We will conclude with a responsive commissioning ….
Let us go into the world in strength and vulnerability that we may reflect the light of God’s love.
We will model light and love.
The Lord bless and keep us strong and of good courage as we continue on our life’s journey.
May we be both blest and a blessing this week. Amen
As the weeks of summer unfold with joy and beauty, the psalms continue to reveal God’s promises and encourage our praise. The Rev. Stephen Kendall focuses our thoughts this morning on Psalm 121 with a sermon entitled ‘Far Away Places’. Join us!

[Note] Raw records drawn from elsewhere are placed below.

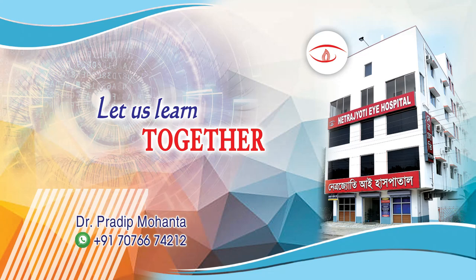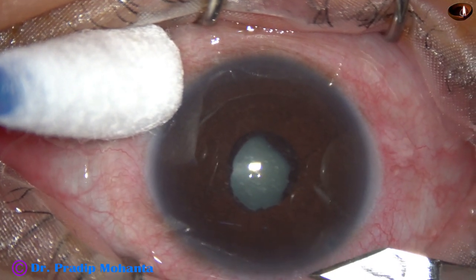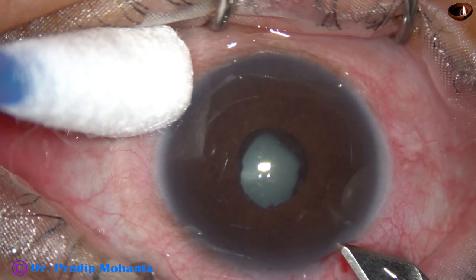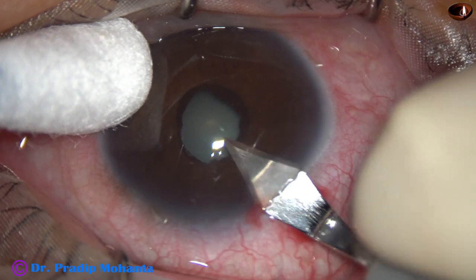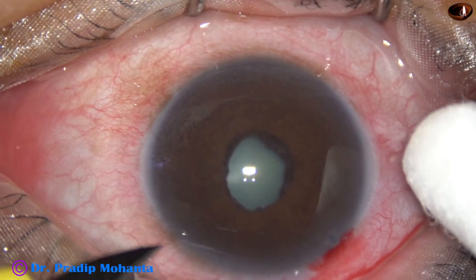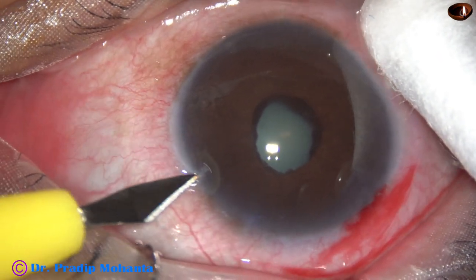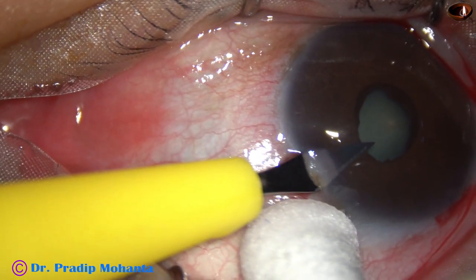In this video we are going to observe management of a post-vitrectomy cataract. This is the main incision with a 2.8 millimeter steel keratome — a three-planar incision. Now a side port about 3 o'clock hours away from the main incision, which is about 1.7 millimeter.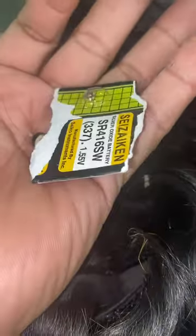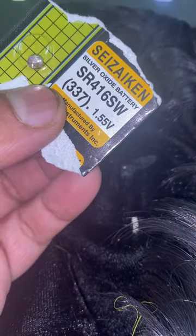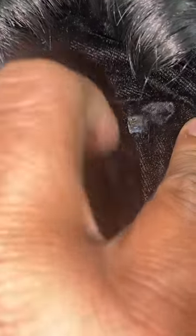The battery is 337mAh and this will be charged with the included charging cable, so you can charge it.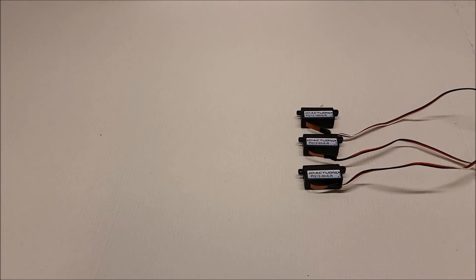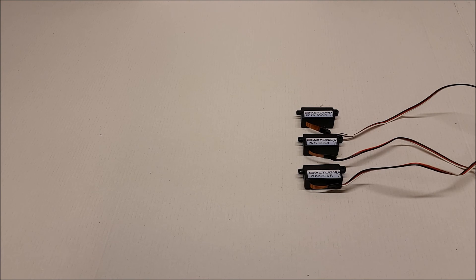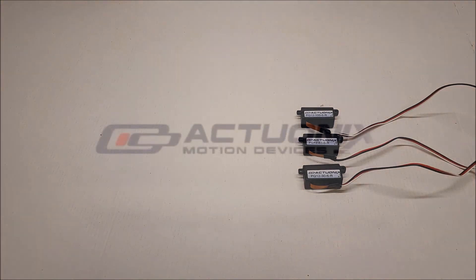Let's have a look at how fast they are here. And that's the PQ12 R-Series. Thanks for watching.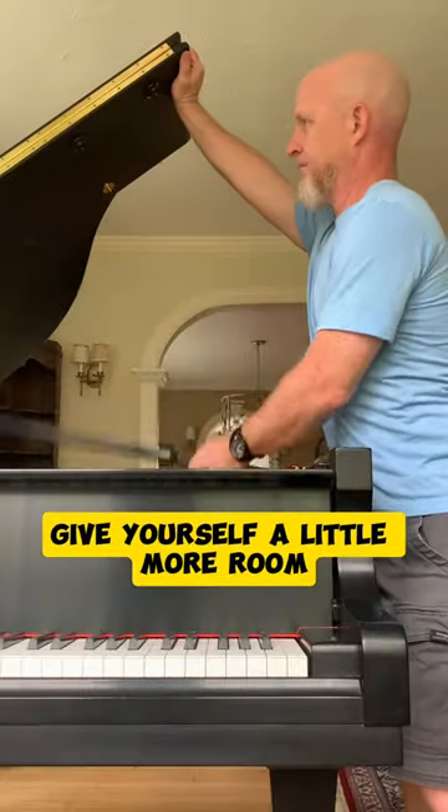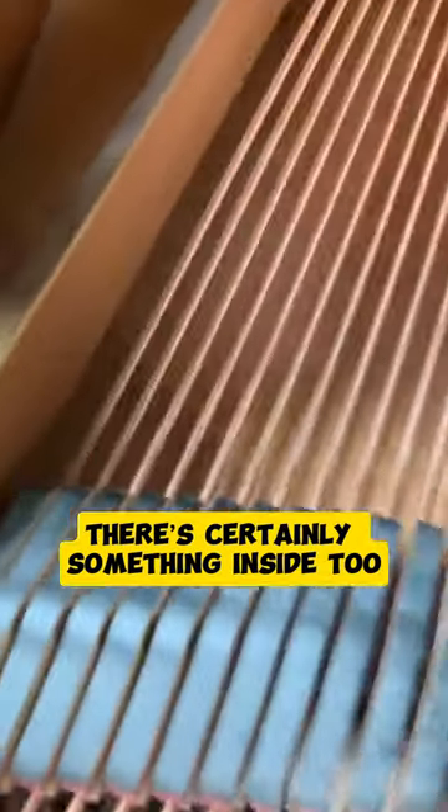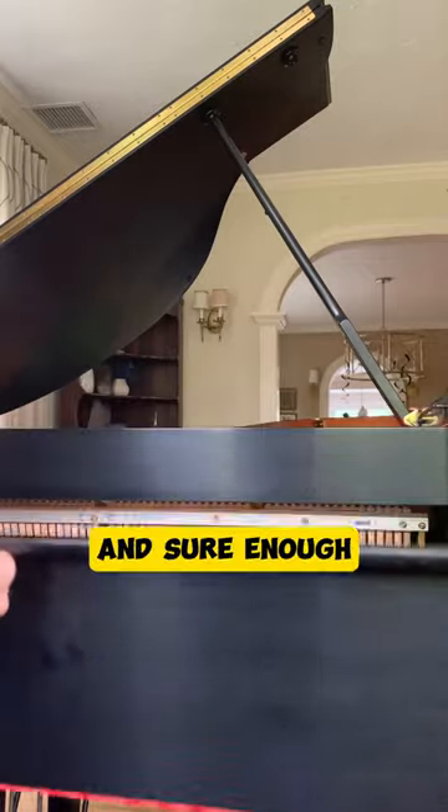Open up the lid. Give yourself a little more room when you try to grab it. Now if there's something here, there's certainly something inside too. Sure enough, there's some pens in here.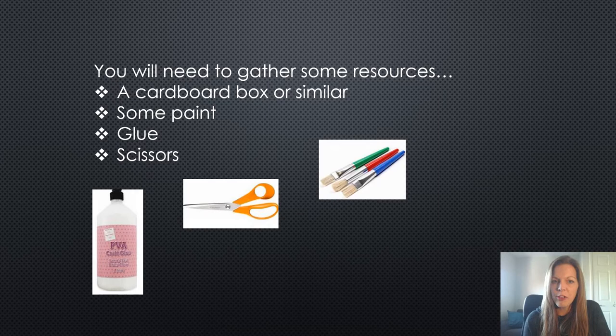You're going to need some resources. If we were in school we would usually ask you to bring in a cereal box, because that's an ideal size for a model Tudor house, but you can use anything you like. You might need some paint, because remember Tudor houses are white and you can see the black or brown beams. You might need some glue to join bits together, and you'll definitely need some scissors to cut out windows or to cut out shapes of certain parts of your house.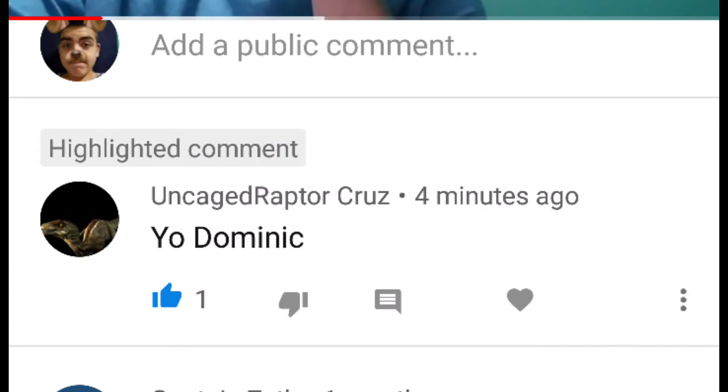I really hope you guys enjoyed this video. If you did, be sure to leave a like down below. If you guys want to get a shoutout in the next video, all you got to do is leave a comment down below saying why you like the channel, and you may just get a shoutout. Today's shoutout goes to UncagedRaptorCruz — congratulations to him. All you got to do is leave a comment saying why you like the channel, and you'll get a shoutout. I know this guy started recently, so go subscribe to his channel — I think he uploads quite often. That's today's shoutout.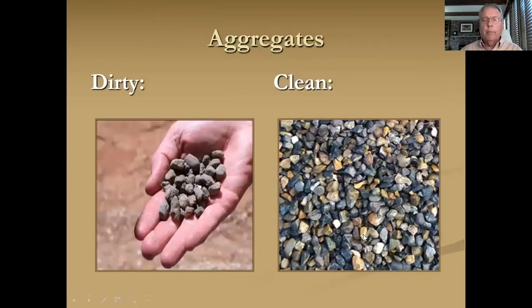As far as aggregate, you certainly want clean aggregate, not dirty. There's nothing wrong with, before you haul to your stockpile, going to the aggregate quarry or pit and talking to the superintendent or the quality control officer to see which aggregate you can get, and stressing the fact that you need clean aggregate for your process. So let's stop here and take a quick look at the process.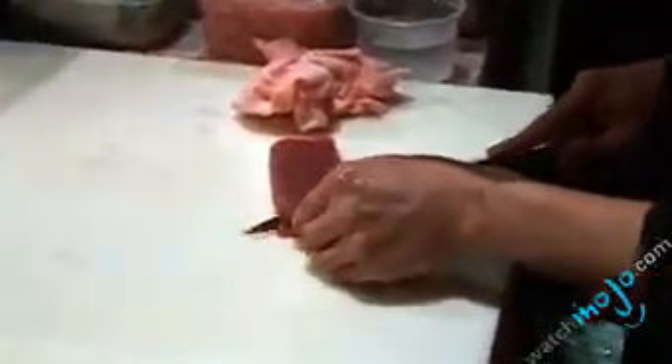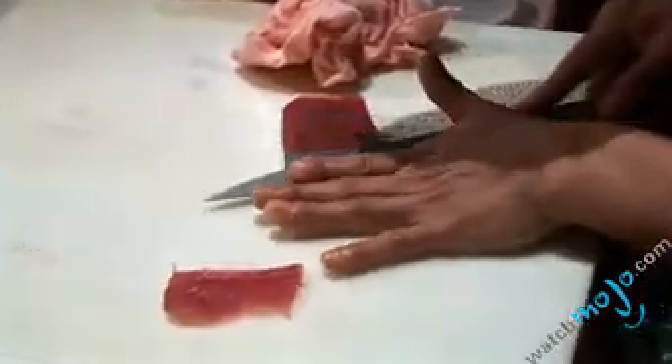So which sushi are we gonna make right now? Big eye tuna — a big eye tuna roll. He's slicing the big eye tuna right now, very thin. That's incredible how, with your fingers, he just taps his fingertips in water and then you just make like a little bowl with rice and put it right underneath the sliced tuna.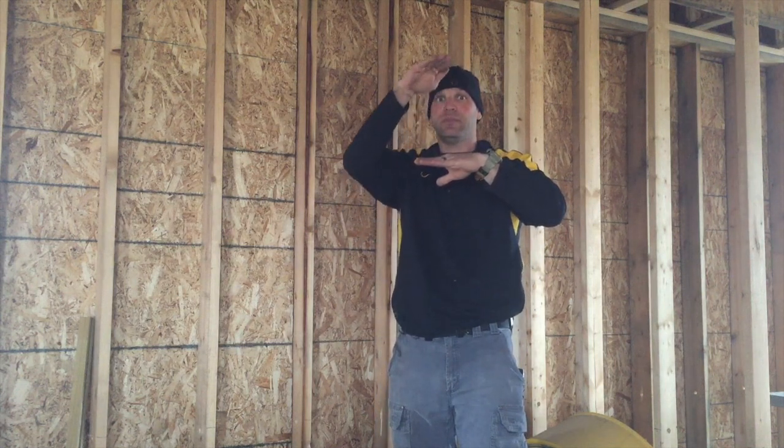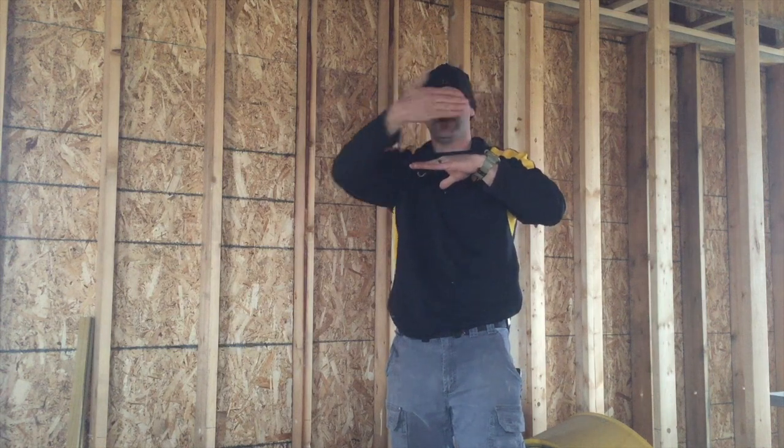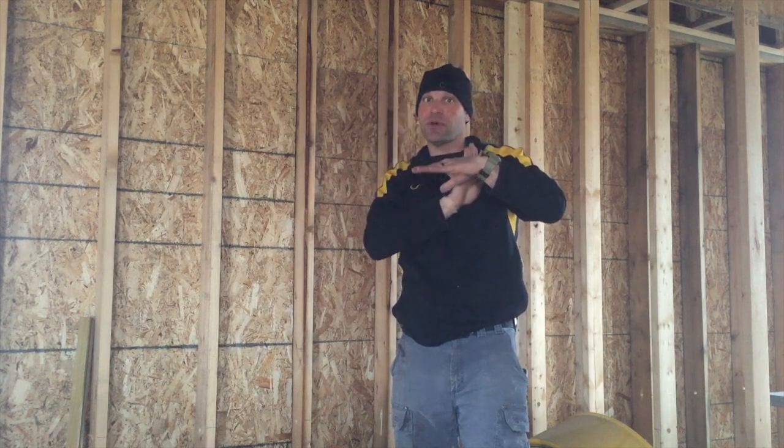With balloon framing, you have studs that go from your foundation all the way up to the roof. What happens is you put your joists on those walls, so everything you can see from the first floor, you can see past to the second floor. That's balloon framing — just one big series of studs.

The metrical version of Psalm 121 found in our Book of Praise was written by John Duke of Argyll, who served as the fourth Governor General of our nation. The line etching above shows Crowfoot addressing the Duke of Argyle on September 1881 at Blackfoot Crossing on the Bow river.
Unto the hills around to I lift up my longing eyes:
oh whence for me shall my salvation come, from whence arise?
From God the Lord doth come my certain aid,
from God the Lord who heaven and earth hath made.
He will not suffer that thy foot be moved: safe shalt thou be.
No careless slumber shall his eyelids close, who keepeth thee.
Behold, he sleepeth not, he slumbereth ne’er,
who keepeth Israel in his holy care.
Stephen Kendall is a minister of The Presbyterian Church in Canada, ordained in 1987. He holds a degree in mechanical engineering from Carleton University and a Masters of Divinity from Knox College, University of Toronto. After serving five years as minister of a new congregation in Calgary, Stephen served an urban/sub‐urban congregation (Fallingbrook Presbyterian Church) for seven years in Toronto. In 1998, he was elected Principal Clerk of the General Assembly of The Presbyterian Church in Canada; a position that includes service to the General Assembly, the interpretation of the polity and policies of our church, and these last years, significant representation of the Presbyterian Church in Canada on the Truth and Reconciliation journey as well as with the World Communion of Reformed Churches. Stephen lives in Toronto with his wife Alison. Stephen rides a Vespa scooter around Toronto, plays bass in the band LostPilgrims.